2016 Roger Revelle Memorial Lecture

The Roger Revelle Memorial Lecture Series is a traditional element of IOC Executive Councils. It is named in honour of Roger Revelle, whose important contributions to the awareness of global change form the basis of many IOC initiatives today.

This year's lecture was given by Professor Ken Caldeira.

Ocean acidification and other stressors on marine systems: How can we help the oceans help us?

© UNESCO/Line Bourdages -
Prof. Ken Caldeira with the IOC Roger Revelle Medal.

8 June 2016, 14:30, Room II

For all of human history, life in the oceans have greatly helped humans. Marine life not only provides humans with food, but also can build structures such as coral reefs that help protect coastlines. Living things in the ocean also play central roles in the global carbon cycle.

Life in the oceans is confronted with a wide array of direct human challenges: overfishing, farm runoff, coastal development, industrial pollution, and so on. In addition to these challenges, climate change is warming and further stratifying the upper ocean, reducing nutrient supply to the well-lit near-surface ocean. Further, when the ocean absorbs carbon dioxide from the atmosphere, the ocean becomes more acidic, and this increased acidity makes it more difficult for many marine organisms to build their shells or skeletons.

For most of human history, humanity has been a relatively small force on the planet. What we did didn’t matter very much for most natural systems. But since the industrial revolution, humanity has become a geologic force, affecting our planet with an intensity and scale that will be clearly visible to geologists in the distant future.

To keep taking from the ocean, we have to give something back. If the ocean is going to continue helping us, we will need to help the oceans.

The central thing that we need to do to protect the ocean from ocean acidification and climate change is to convert our energy system into one that does not use the sea and sky as repository for our waste carbon dioxide – an energy system that does not depend on smokestacks or tailpipes.  

But there is much we can do to help ocean ecosystems become more resilient to the changes that will occur. There are other things we can do to help the oceans help us. We can get better at managing fishing, including establishing no-fish zones. We can work with farmers to control run-off, work with industry to identify and eliminate dangerous pollutants from the production system. We can develop our coasts sensibly, and recognize the value of building a sustainable relationship with the wild and untamed.


Prof. Ken Caldeira
Climate scientist, Carnegie Institution for Science (USA)

Ken Caldeira is a climate scientist at the Carnegie Institution for Science’s Department of Global Ecology and Professor (by courtesy) in the Stanford University Department of Earth System Science. Professor Caldeira has a wide-spectrum approach to analyzing the world’s climate systems.
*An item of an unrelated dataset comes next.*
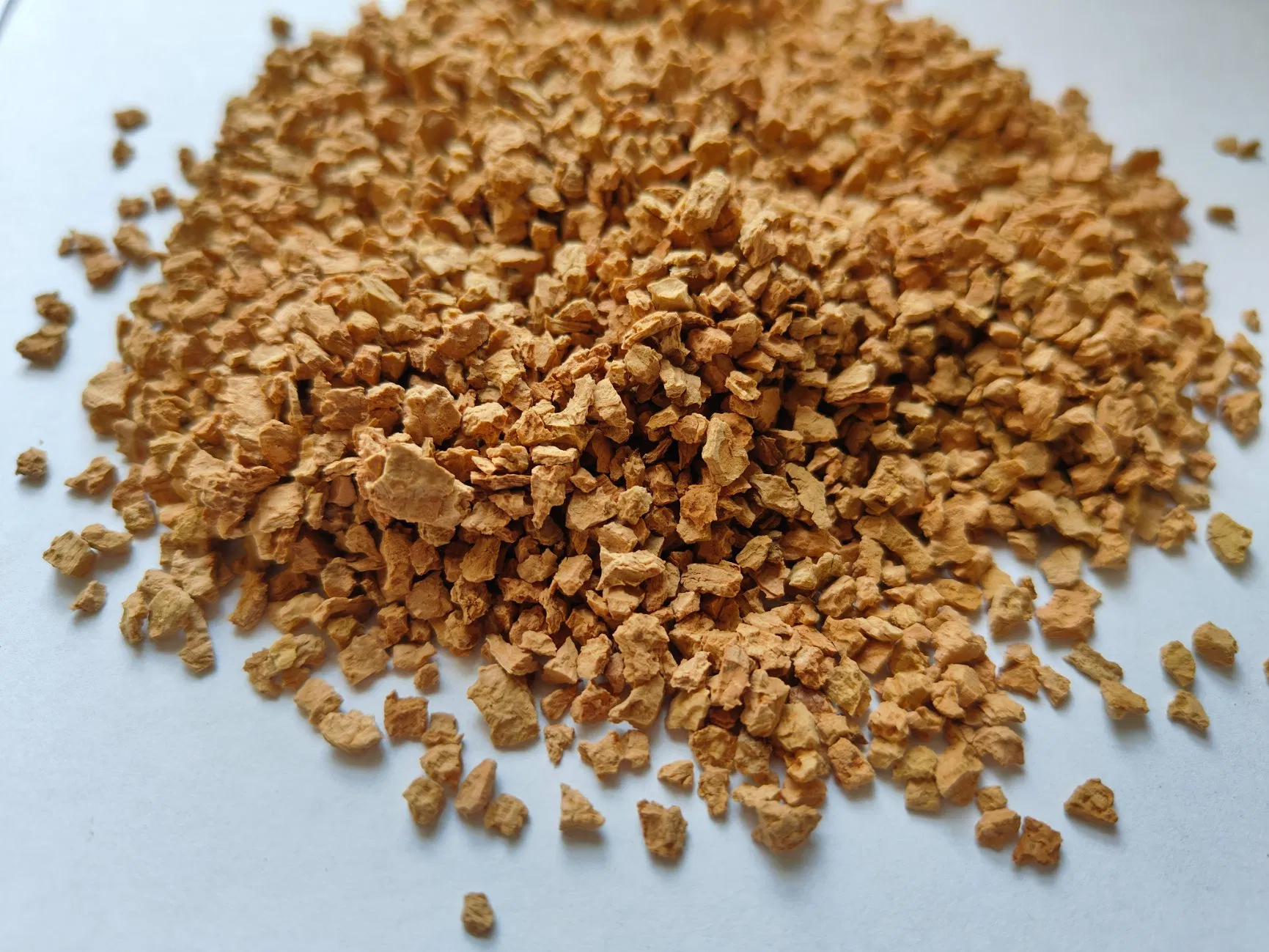 Best Selling 100% Natural China Cork Granules with Premium Quality 2-4mm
He studies the global carbon cycle; marine biogeochemistry and chemical oceanography, including ocean acidification and the atmosphere/ocean carbon cycle; land-cover and climate change; the long-term evolution of climate and geochemical cycles; and energy technology. Caldeira received his B.A. from Rutgers College and both his M.S. (1988) and Ph.D. (1991) in atmospheric sciences from New York University.

IOC-UNESCO Roger Revelle Memorial Lecture Series

Roger Revelle

The first IOC-UNESCO Roger Revelle Memorial Lecture took place in 1992. The series has opened each Executive Council of the Commission since.

Roger Revelle (1909-1991) was a pioneer in oceanography and in global ocean science cooperation who spearheaded efforts to investigate the mechanisms and consequences of climate change. He was one of the first scientists to recognize the potential dangers of rising levels of atmospheric carbon dioxide and to highlight the role of the ocean in the climate system and in climate variability.

In his introductory remarks to the first lecture of the series in 1992, then UNESCO Director-General Federico Mayor explained:
"As one of the authors of the Copenhagen Declaration, he stated most clearly in 1960 the importance of the ocean to humanity as a whole and the need to study the ocean from many points of view and through the concerted action of all nations. His foresight of three decades ago was remarkable. At a time when the ocean was viewed by most as basically a source of food and a medium for transportation, Roger inserted into the Declaration the following:
'the oceans exert a profound influence on mankind and indeed upon all forms of life on earth. The oceans are inexhaustible sources of water and heat, and control the climate of many parts of the world.' (...)
This is the essential legacy left by Roger Revelle: not only his work as a pioneer in the field of international co-operation in ocean science and as one of the founding fathers of the IOC of UNESCO, but also his implicit call to all of us to promote to the best of our ability the vision of equity and universality that he embodied."